From the above it seems that TCP/IP may be considered as two separate protocols, i.e. TCP and IP. However, TCP actually refers to multiple protocols employed for communications using IP. Therefore, TCP/IP is also referred to as the TCP/IP protocol suit.
Difference Between TCP/IP and OSI Model
The OSI and TCP / IP reference models have much in common. Both of these based on the concept of a large number of independent protocols. Also, the Layer functionality is very similar. For example, in both models, the layers above the transport, including this one, are there to provide a service from end-to-end transport, regardless of the network, to the processes that they want to communicate. These layers form the transport provider. Also, in both models, the layers above the transport are transport service users application-oriented.
Despite these fundamental similarities between the two models, there are also many differences.
In the OSI model, a clear distinction made between service, interface, and protocol. In the TCP / IP model, this distinction is not so clear, although we have tried to readjust it later to make it more similar to OSI. As a consequence of this in the model
OSI protocols are better hidden than in the TCP / IP model and can be replaced with relative ease when changing technology.
The OSI model developed before the protocols invented. It means that the model not oriented towards a specific set of protocols, which became very general. The wrong side of this order is that the designers did not have much experience with the matter and did not know well what functionality to put in which layer.
The opposite happened in TCP / IP: first, the protocols arrived, and the model was only a description of the existing protocols, so there was no problem of adjusting the protocols to the model. The only problem was that the model not adjusted to any other protocol stack; consequently, it was not very useful to describe other networks that were not of the TCP / IP type.
An obvious difference between both models is the number of layers. In the OSI model there are seven layers and in the TCP / IP model four. Both have layers of (inter) network, transport and application, but the other layers are different.
Another difference is in the area of connectionless communication versus connection-oriented. The OSI model supports both offline and connection-oriented communication in the network layer, but in the transport layer, where it is most important, it does so only with connection-oriented communication. The TCP / IP model has only one mode in the network layer (no connection) but supports both modes in the transport layer, offering an alternative to users — this choice especially for simple request and response protocols.
Criticism of the OSI Model
Why is OSI not implemented worldwide?
• Inopportune appearance: apocalypse of the two elephants.
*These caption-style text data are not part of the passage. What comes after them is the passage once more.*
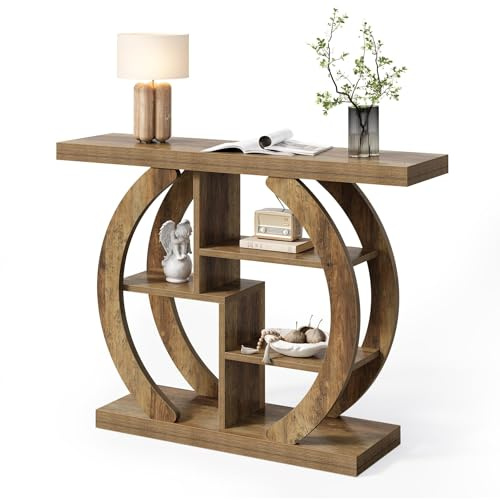 LITTLE TREE Konsolentisch schmal, 108 cm Sofatisch mit 4 Ablagen, Beistelltisch, Ausstellungstisch, Flurtisch, Metallgestell für Wohnzimmer, Flur, Eingang, vintagebraun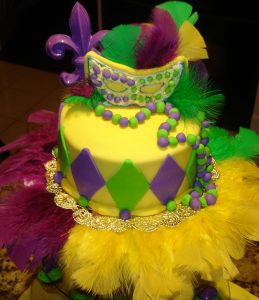 mardi gras cake finished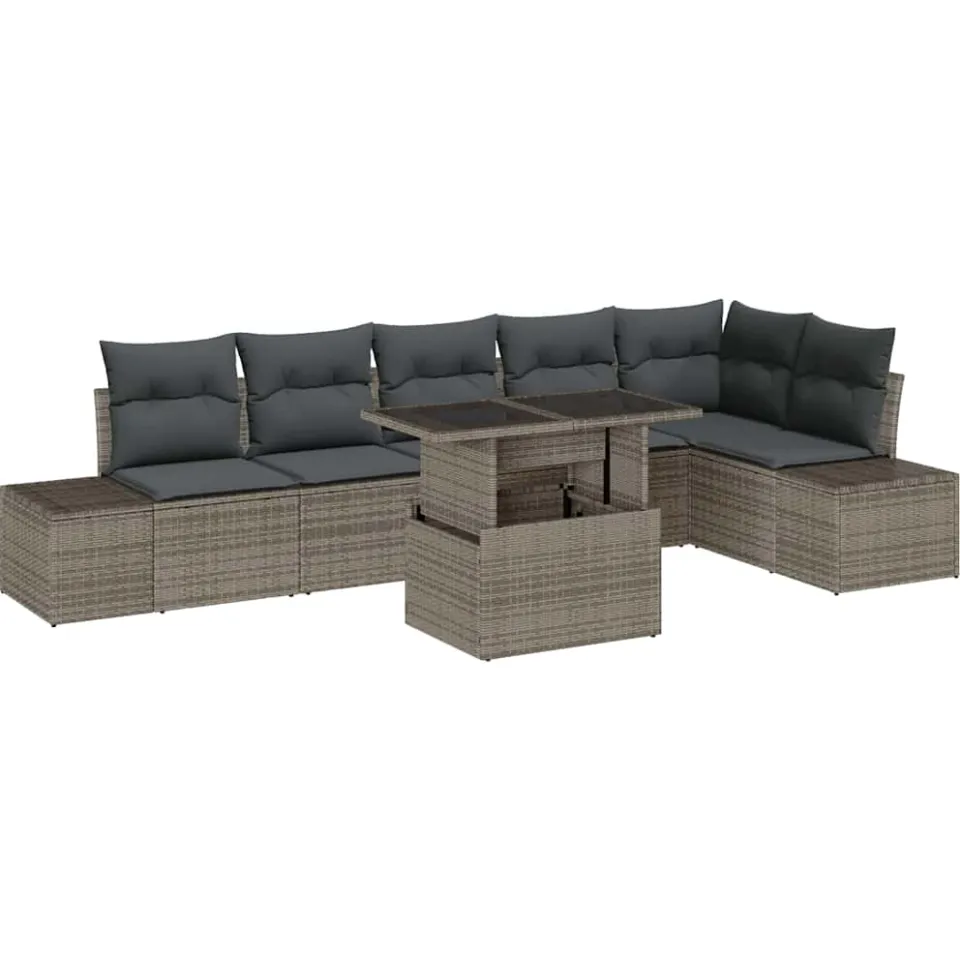 vidaXL Tuin Sofa Set 7 st Grijs poly rattan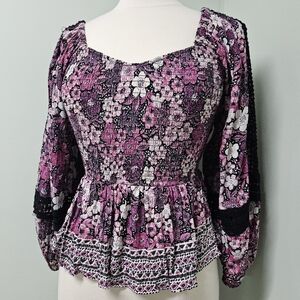 Angie Floral Bohemian Hippie Top Balloon Sleeve Pink Black Coquette Size Small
• Bad technology: both the model and the protocols are complex and abstract, There are two almost empty layers.
• Bad implementations: large, heavy and slow.
• Bad policies: TCP / IP was part of Berkeley's UNIX.
Criticism of the TCP/IP Model
• There is no distinction between service, interface, and protocol.
• It is not a general model.
• The "layer" of Host to Network is not a layer.
• The physical layer and the link-layer not mentioned.
• Except for TCP, IP the other protocols were made for specific purposes and by both difficult to replace.